Hey dudes! I think things are coming together in a new way in this game. The past couple weeks have been all about ironing out all kinds of really dumb 'in-dev' type issues, like how I was ignoring a major issue with the repair truck (it would constantly freeze in mid-repair, making towers take three times as long to repair), because I had other things to do. So I cleaned up all manner of little bugs and missing elements. I didn't do a lot of actual new content, but here is one (half-finished) such piece.

It's the Cryolaser Tower! Classic, straight out of the original Moon Invaders, though there are some subtle changes. The tower is no longer a tank, for one. But also - not that I've coded this yet - it fires a continuous beam rather than pulsing individual shots. The beam gradually freezes the targets more and more (up to a point - it can't stop them completely).

While Blaster towers have ammo magazines of a certain size that have to reload, Laser towers work differently. They heat up with use, and when overheated, they have to cool completely before firing again. It's not *that* different, but it does mean that if no enemies are in sight, the laser can partially cool off and get more use rather than having a fixed number of shots between reloads.
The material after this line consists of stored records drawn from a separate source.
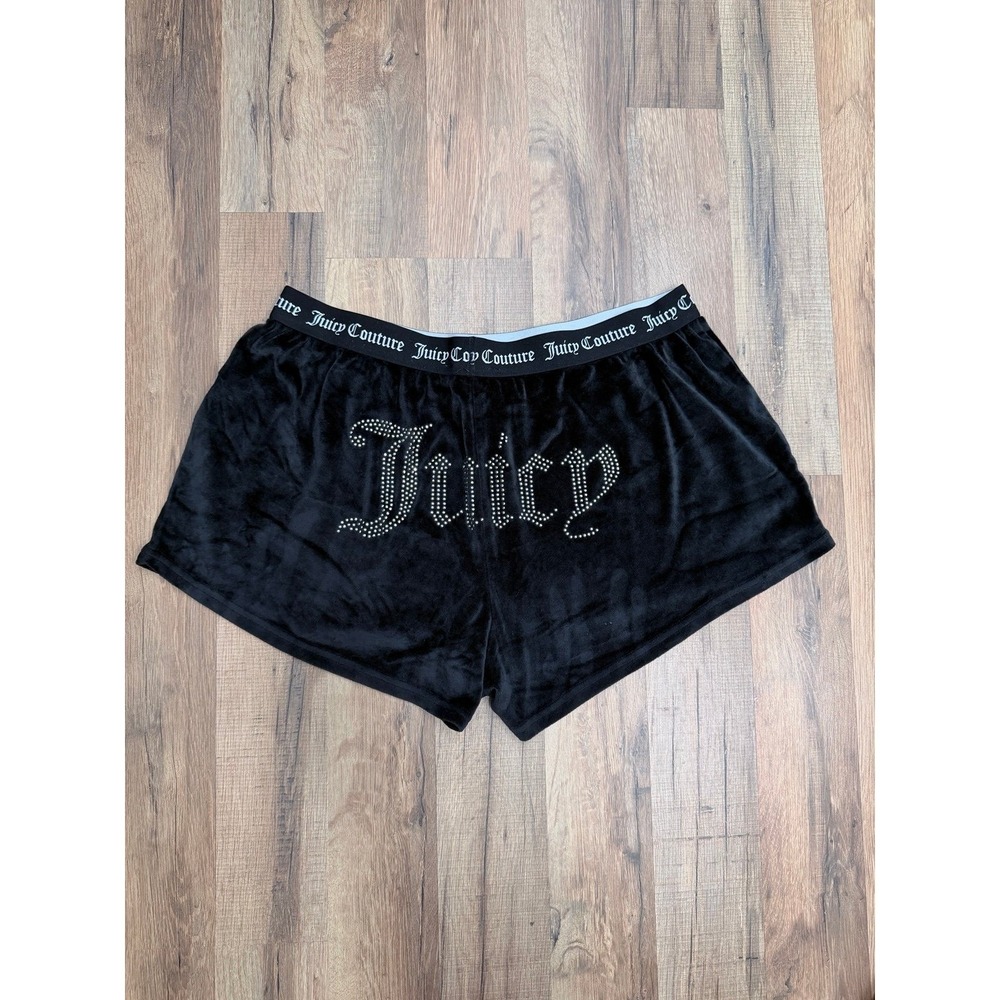 Juicy Couture Velour Sleep Shorts Women's XL Black Rhinestone Logo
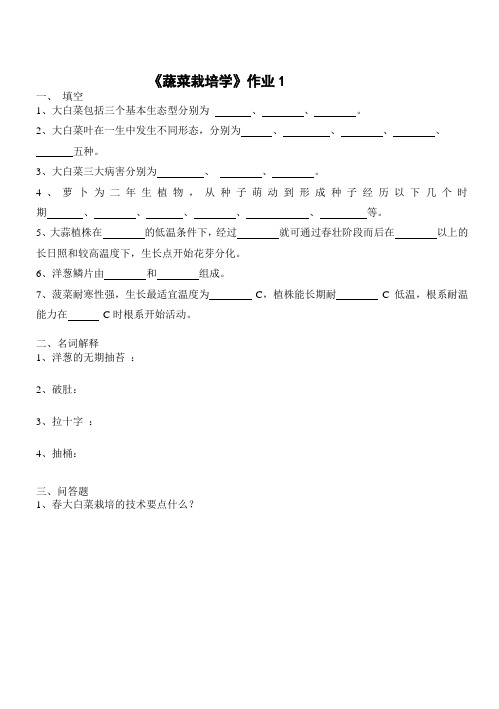 蔬菜栽培学作业1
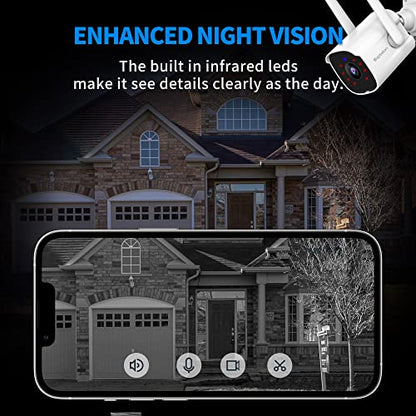 Septekon 2K Home Security Cameras, 4 Pack Wired WiFi Outdoor Security Cameras with Night Vision, Two-Way Audio, 2.4G WiFi, IP66, Motion Detection Alarm - P30 - size: 4 Pack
Since the models are so tiny in-game, I thought I'd show the full-size Blender model today, to give you an idea of how that is. The materials are just very rough approximations, since I have to make the materials separately in the actual game anyway, so I don't bother to make anything fancy in Blender. I even changed my mind and made those yellow side bits blue (it's a CRYO tower!), although I'm not super liking that either, I should change it. The coolant tank's color isn't for looks, it's indicating how overheated the laser is.

I still haven't figured out what a "reasonable" number of polygons is, and I suspect I'm massively undercutting it by orders of magnitude. But I'm very old-school and I can't help but minimize it as much as possible. This model is 1,786 triangles. A quick google indicates that a Playstation 2 could output 20 million polygons a second, so I might be a little on the low side. I could probably add a detail or two. But you wouldn't be able to see it on that tiny tower anyway!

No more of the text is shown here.